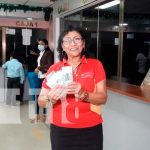 Ministerio de Salud de Nicaragua paga aguinaldo a sus colaboradores Trabajadores de la salud reciben su aguinaldo en Nicaragua
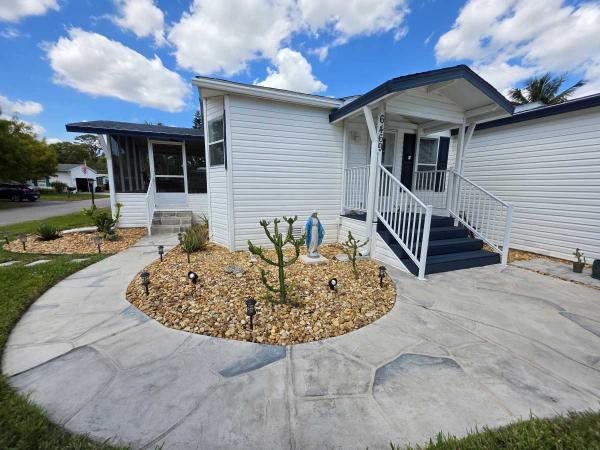 Photo 1 of 2 of home located at 6469 Cypress Ln Lantana, FL 33462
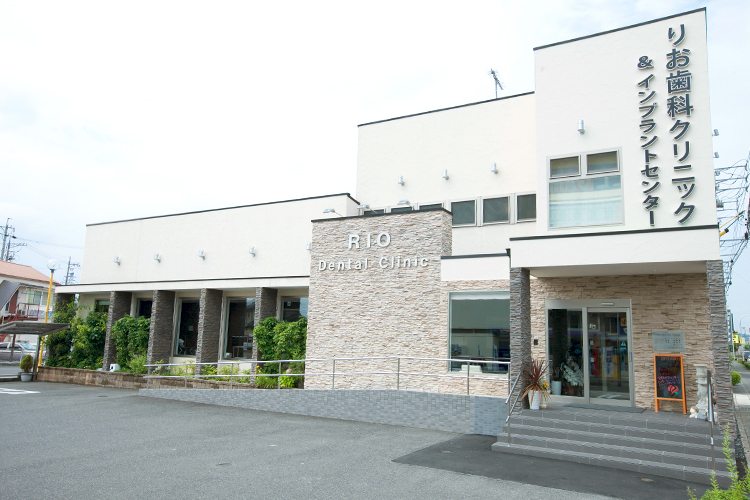 りお歯科クリニック 岐阜市 “新しいスタイルの歯科医院”をコンセプトとしている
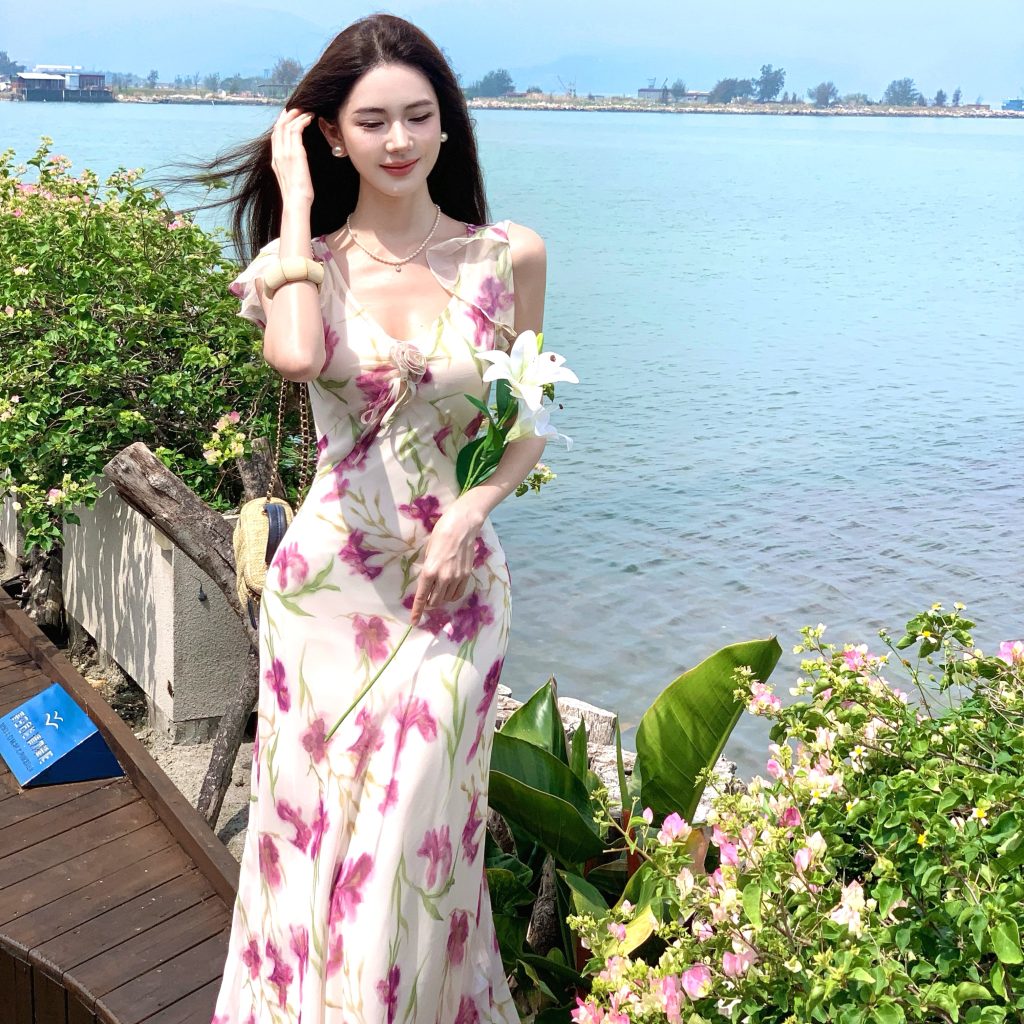 2026 Retro Vacation Print Dress Women Summer V-Neck Waist Cinched Romantic Long Dress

» The task:
Please give again, word for word, the lines from the one containing "Photo 1 of 2" through the last line of the listing above, inclusive, and leave out pictures.

» Reply:
 Photo 1 of 2 of home located at 6469 Cypress Ln Lantana, FL 33462
 りお歯科クリニック 岐阜市 “新しいスタイルの歯科医院”をコンセプトとしている
 2026 Retro Vacation Print Dress Women Summer V-Neck Waist Cinched Romantic Long Dress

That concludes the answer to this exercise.